The commercial implications of the training data problem are profound.
First, it means that companies not only have to solve the technical challenges around developing machine learning models and applying them, but they must also solve for the logistics of collecting data and refining those models over time. In fact, any vendor who is talking vaguely about machine learning ought to be able to answer what data they are using and how those models are evolving over time.
Second, it means that if the models are not ubiquitously applied to all customers the same way, companies have to solve for custom modeling. If a model is created one time based on relatively static inputs, this might not be an issue. But if a model has to change over time, this creates a maintenance burden that has to be addressed. How many customers require such work? And what is the frequency of change? This should allow you to determine whether the staffing is sufficient to support the claims.
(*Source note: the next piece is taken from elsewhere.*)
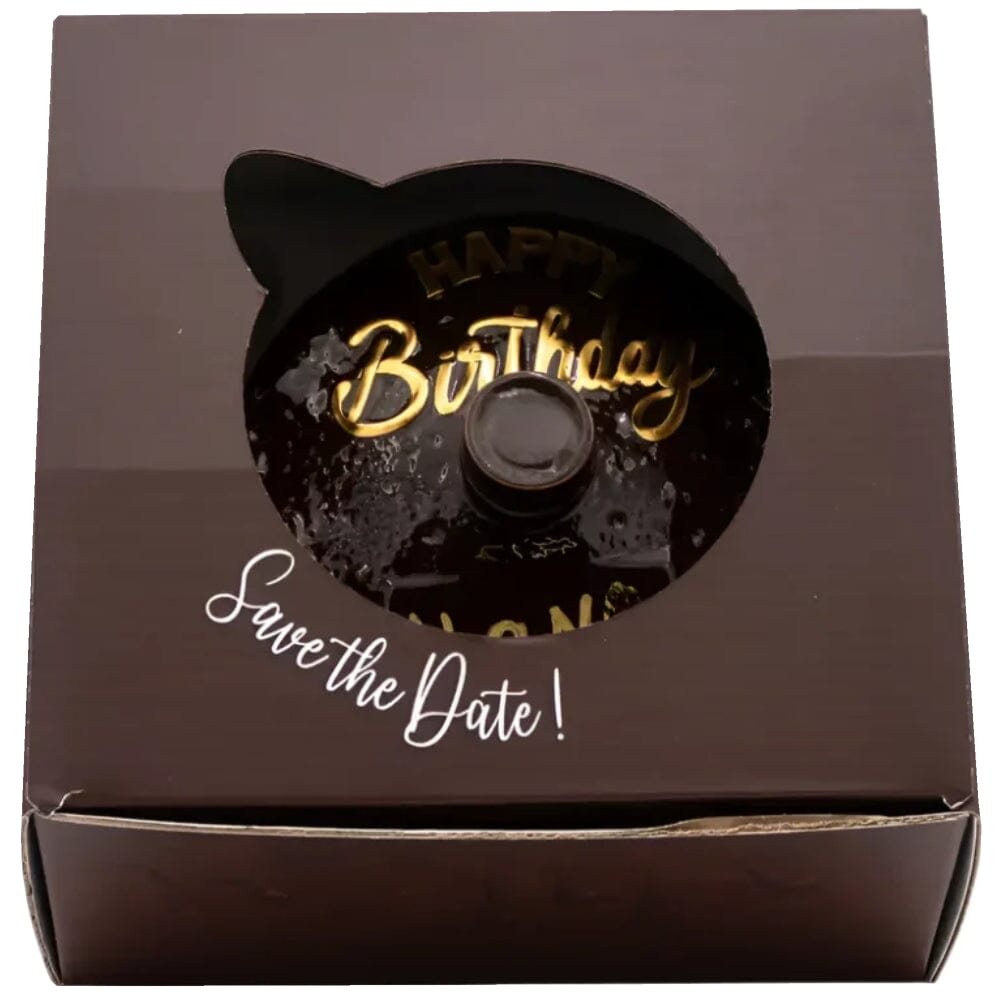 Oceano Azul Round Chocolate La Cake bottle viewed through the window of its closed presentation box.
The point here is not that these cannot be solved, but rather that the solutions are more than just some technical explanation for how machine learning can be used to identify some useful thing.
Are there simpler things to solve for?
I generally take issue with the broad IT industry’s refusal to start simple with things. Generally, before we master some new discipline, we are already upping the degree of difficulty by a few orders of magnitude.
In the machine learning space, should we really be aiming first at trying to detect anomalous flows and make it commercially repeatable across large numbers of accounts? Knowing that troubleshooting workflows tend to be hypercontextual (dependent on the topology, the applications, the users, and the surround infrastructure), should we really be going after dynamic workflow execution before we even solve provisioning?
In my opinion, there are much simpler targets. They might not be as sexy, but they would allow us to collectively figure out how to handle data, how to develop models, and how to refine the models as the data changes. The easiest targets? Persistent data is far easier to work with than trying to collect streaming telemetry and make sense of a constantly changing set of variables. The best data we have? Configuration files. They are fairly unchanging, and they are easy to collect.
So what could you do with this? Imagine making a policy recommendation engine. It could be that the edge policy for all external-facing ports is the same. So as soon as you configure eBGP on a port, you should be able to make a policy recommendation based on how all other such ports are configured. If you change policy in one place and that policy is used elsewhere, it could be that you want to change it all places (or no places).
These are relatively straightforward business rules that could help combat configuration drift within a network. Difference making? Not hugely. And there are already ways to do some of this. But the point isn’t to make a tectonic change—it’s to understand the supporting practices that have to be developed to make machine learning a viable part of day-to-day operations.
The bottom line
We have a bunch of evidence in tech that no matter how compelling something is, if we fail to make it usable for the majority of people, the technology simply withers and dies. We simply have to be addressing ease of use, even as we talk about the next generation of technology. If we aim too far and leave too many people feeling like the future is unapproachable, we will have helped no one.
For an industry that has historically ignored consumption, we need to take a long hard look in the mirror. If we fail to make these things consumable, the lack of downstream adoption will limit the technology to only a corner of the market. And that means that we will not be able to justify the expense required to really make these things meet the promise that exists right now primarily in blogs and conference keynotes.